(Dataset excerpts Opens)

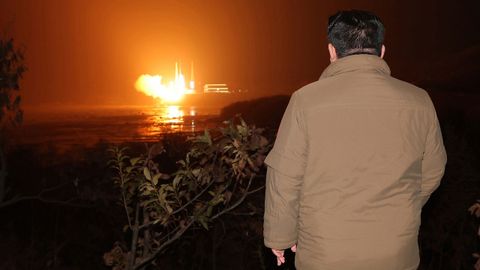 El presidente de Corea del Norte, Kim Jung Un, de espaldas, observando el despegue del sat�lite esp�a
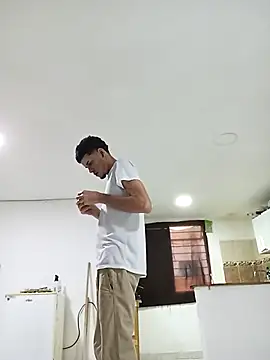 Snapshot of Pingasaboy20 chatting on October 3, 2025, 2:03 pm Pingasaboy20 online show from October 3, 2025, 2:03 pm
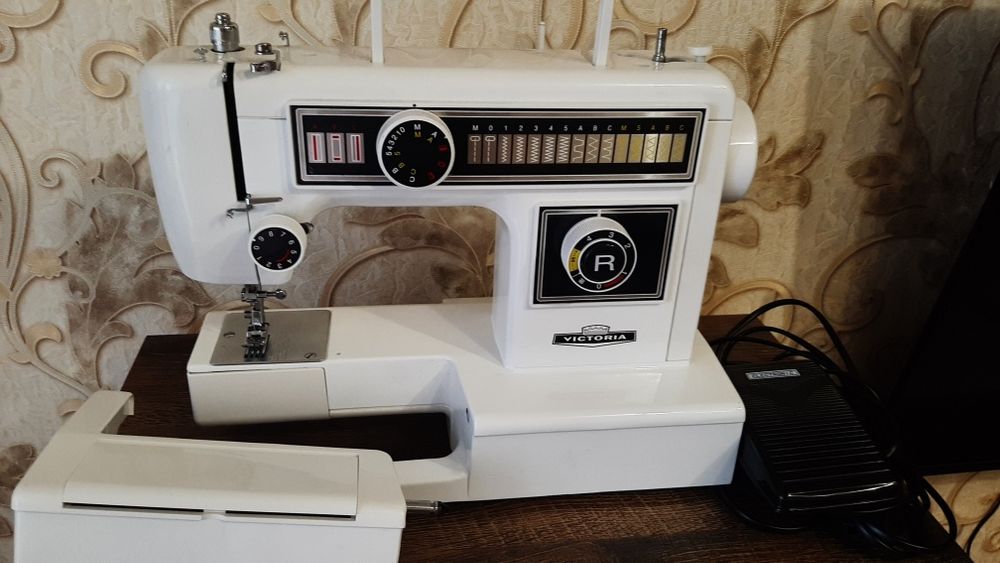 Машинка швейна,виготовлена в Германії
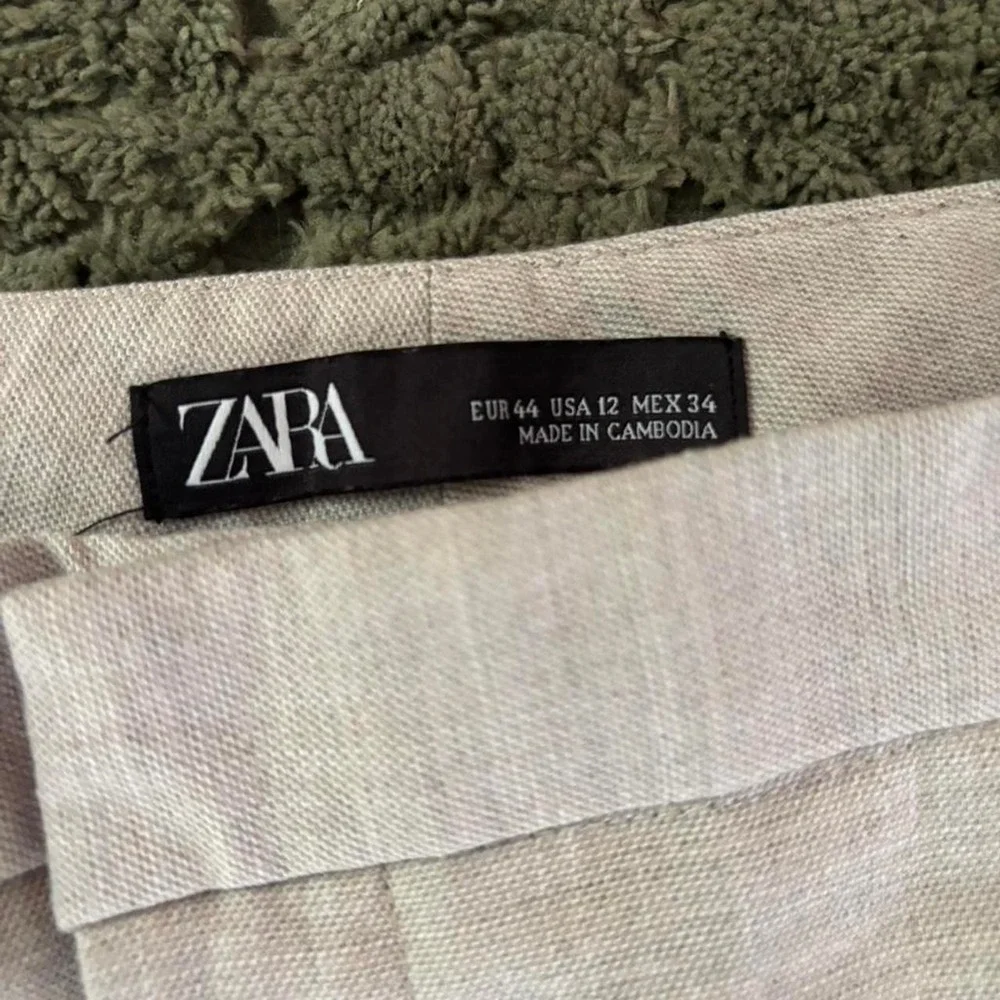 Zara beige linen look cropped trousers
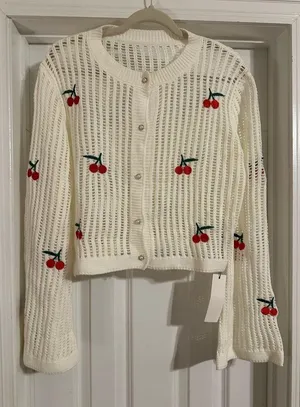 NWT Yozy Cherry Embroidered White Sweater Size L thumbnail 1
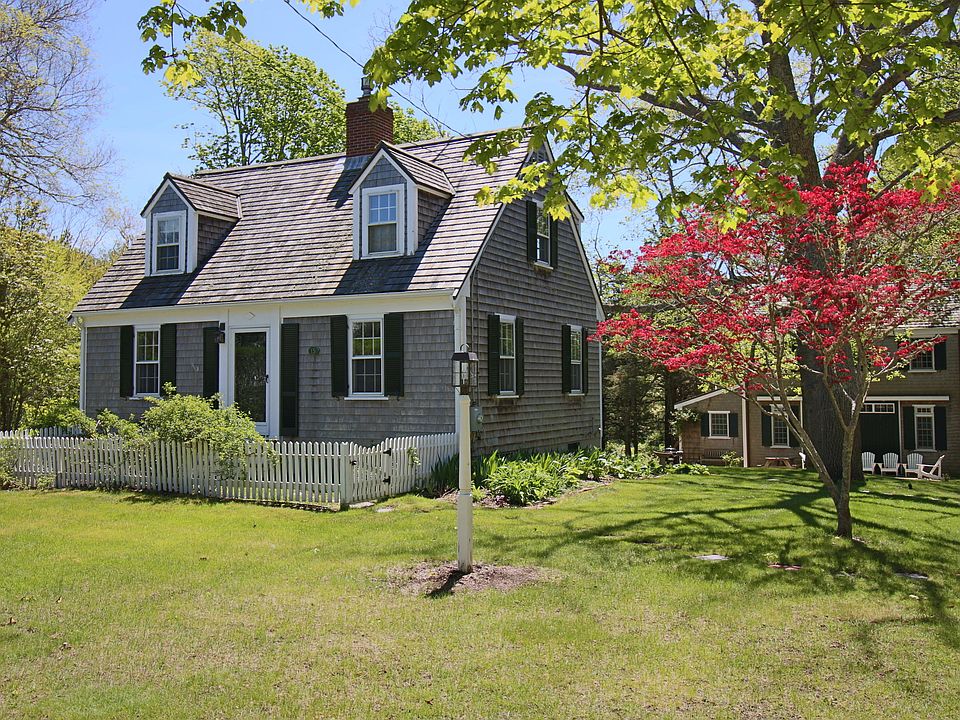 1st image of 15 Center Street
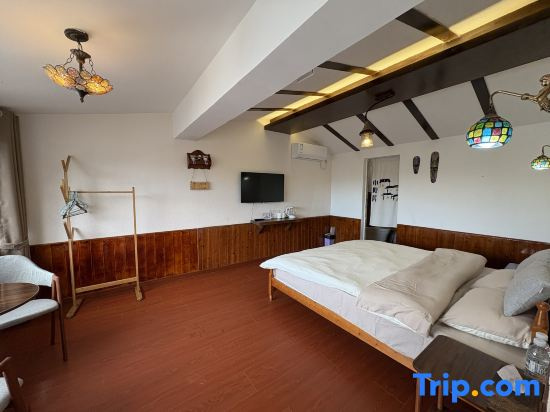 Standard Double room with sea view (full double bed)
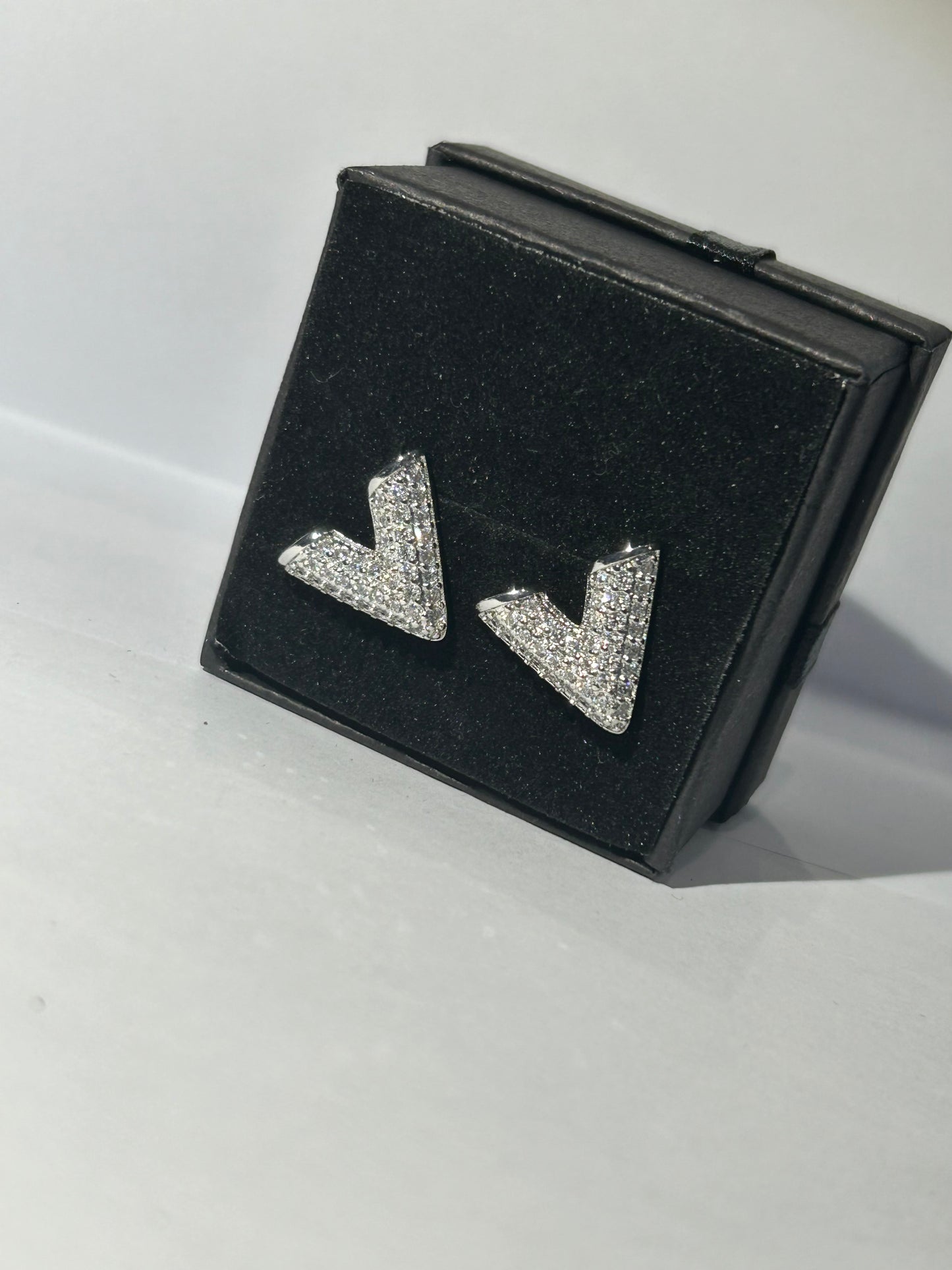 Crystal detailed v earrings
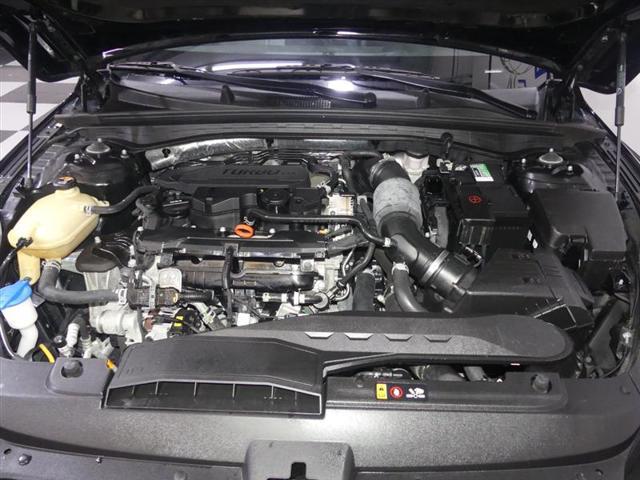 Photo of 2022 Ebony Black Kia K5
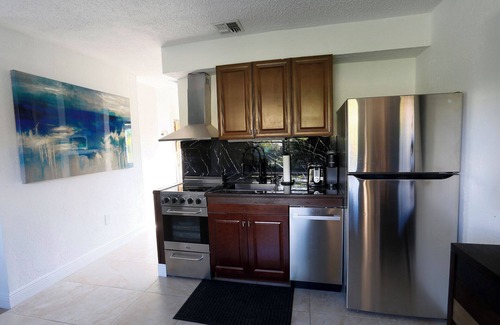 Punta Gorda House | House with Patio, Caribbean Hot-tub & Tiki Bar. Pet friendly. No cleaning charge
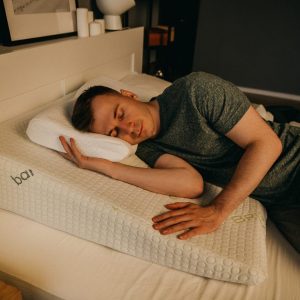 Клиновидная подушка для позвоночника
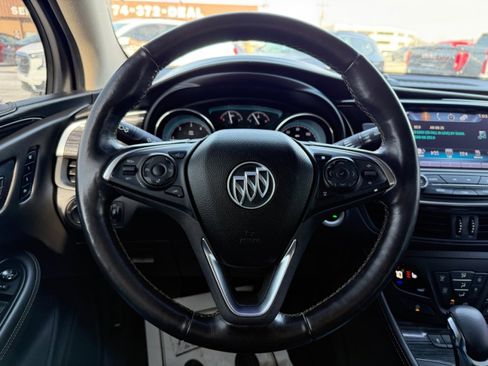 Used 2018 Buick Envision Essence image 21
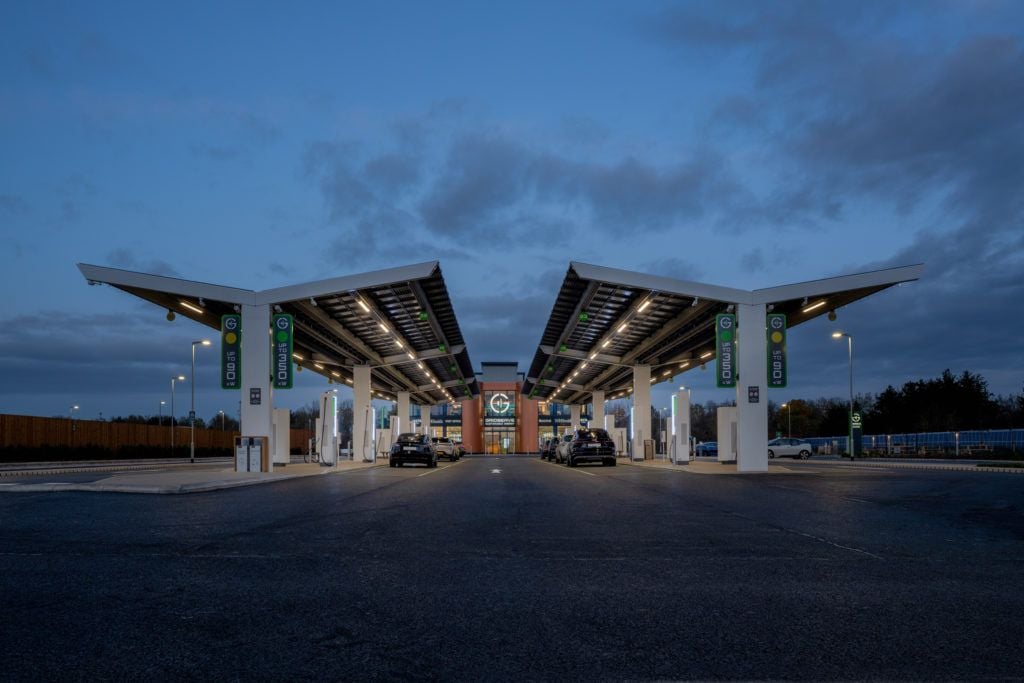 Así es la primera instalación de carga de Gridserve. El futuro de las estaciones de servicio para coches eléctricos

(Dataset excerpts Closes)

Work instruction
Excluding the pictures, restate word for word the lines from the one that holds "Used 2018 Buick Envision Essence image 21" through the last line of the entries, both ends included.

Solution
 Used 2018 Buick Envision Essence image 21
 Así es la primera instalación de carga de Gridserve. El futuro de las estaciones de servicio para coches eléctricos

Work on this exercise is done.